Run the test suite to verify strict roundtrip and lossy scenarios:

pytest tests/test_roundtrip.py

What is tested?

  • Lossless roundtrip: Only 3-channel ffv1+gbrp16le is supported and tested. Max error is <0.001 per channel.
  • Lossy roundtrip: A test with libx264 (rgb24) is included for comparison. Max error is typically 2–3 per channel (on a 0–95 range).

Example output:

Max abs error per channel: [0.00068665 0.00068665 0.00068665]  # ffv1+gbrp16le (lossless)
[libx264] Max abs error per channel: [2.588234 2.588234 2.588234]  # libx264 (lossy)

Motivation

This project enables efficient storage, compression, and sharing of large datasets by leveraging video codecs, while maintaining the ability to recover the original data using Parquet as the canonical format.

Codec and Pixel Format Restrictions

Important: For robust, lossless roundtrip, only the ffv1 codec with the gbrp16le pixel format (planar RGB, 3 channels, no padding) is supported and tested. If your ffmpeg build does not support this combination, the library will raise a clear error. This ensures that timeseries/tabular data can be reliably converted to and from video without data loss or row padding issues.
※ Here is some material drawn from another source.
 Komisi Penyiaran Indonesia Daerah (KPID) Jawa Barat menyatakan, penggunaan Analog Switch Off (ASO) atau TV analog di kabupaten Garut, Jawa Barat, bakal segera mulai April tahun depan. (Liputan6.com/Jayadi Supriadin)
Other codecs (e.g., libx264) may be used for lossy compression, but roundtrip is not guaranteed.

🚀 Benchmark Highlights

  • Achieve up to 25x compression over Parquet for timeseries/tabular data using video codecs (ffv1/gbrp16le)
  • Fast encoding/decoding: Video roundtrip in under a second for typical scientific arrays
  • Lossless roundtrip supported (with ffv1/gbrp16le and compatible ffmpeg)
  • See BENCHMARK.md for details and reproducibility

Benchmarking

See BENCHMARK.md for a summary of benchmark results comparing Parquet and video-based storage for timeseries/tabular data. This includes size, compression ratio, and performance metrics for scientific reproducibility.

⚠️ ffmpeg, ffv1, and Pixel Format Limitations

IMPORTANT:

  • For true lossless roundtrip and compression, videoparquet requires ffmpeg to encode ffv1 videos with the gbrp16le (planar RGB) pixel format.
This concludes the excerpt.